Celle qui a vu le jour aux Chagos a la nostalgie des mets et des boissons que la communauté ne retrouve pas à Maurice. «On faisait cuire un brède qu’on appelait lalang vache. J’en ai cherché ici. J’ai vu un brède qui ressemble un peu à ce qu’on consommait, mais celui d’ici est immangeable».
Dans le même registre, Maudea Saminaden se souvient du kalou, boisson alcoolisée fabriquée à partir de jeunes cocotiers. «Le kalou était de couleur bleue comme l’océan» raconte-t-elle.
Maudea Saminaden nous entraîne dans ses souvenirs. A côté sur feu de bois, des dholl piti cuisent dans du lait de noix de coco. D’autres femmes préparent des brèdes mouroum qui seront appelés à être frits avec du piment rouge. Entre ces marmites qui bouillonnent et les enfants qui s’amusent en jouant au tina, un jeu inconnu de nombreux petits Mauriciens, il règne dans cette cour l’atmosphère d’un temps révolu, empreint de bien-être et de grande simplicité.
«Je pense que c’était ainsi qu’ils vivaient aux Chagos», explique Saradha Soobrayen, auteure mauricienne vivant en Angleterre. Cette dernière n’est pas restée insensible aux souffrances des Chagossiens. Elle a fait ce voyage pour s’inspirer de leur quotidien. «À Crawley, en Angleterre là où les Chagossiens se réunissent, les ateliers sont organisés différemment. Tout est fait à l’intérieur. Ici, ça donne un aperçu de leur communauté aux Chagos», souligne-t-elle.

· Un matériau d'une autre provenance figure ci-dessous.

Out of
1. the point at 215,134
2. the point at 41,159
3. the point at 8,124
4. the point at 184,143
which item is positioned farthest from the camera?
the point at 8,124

À 13 heures, les plats sont prêts. Il ne reste plus qu’à les déguster. Une fois de plus, le service se fait dans la discipline et dans l’entente. C’est avec délice que chacun se délecte de son seraz accompagné de riz ou de roti cuit avec du lait de coco. Même s’ils sont loin de leurs îles, la saveur de leurs mets reste authentique et rappelle, à chaque bouchée, la simplicité de leur vie aux Chagos.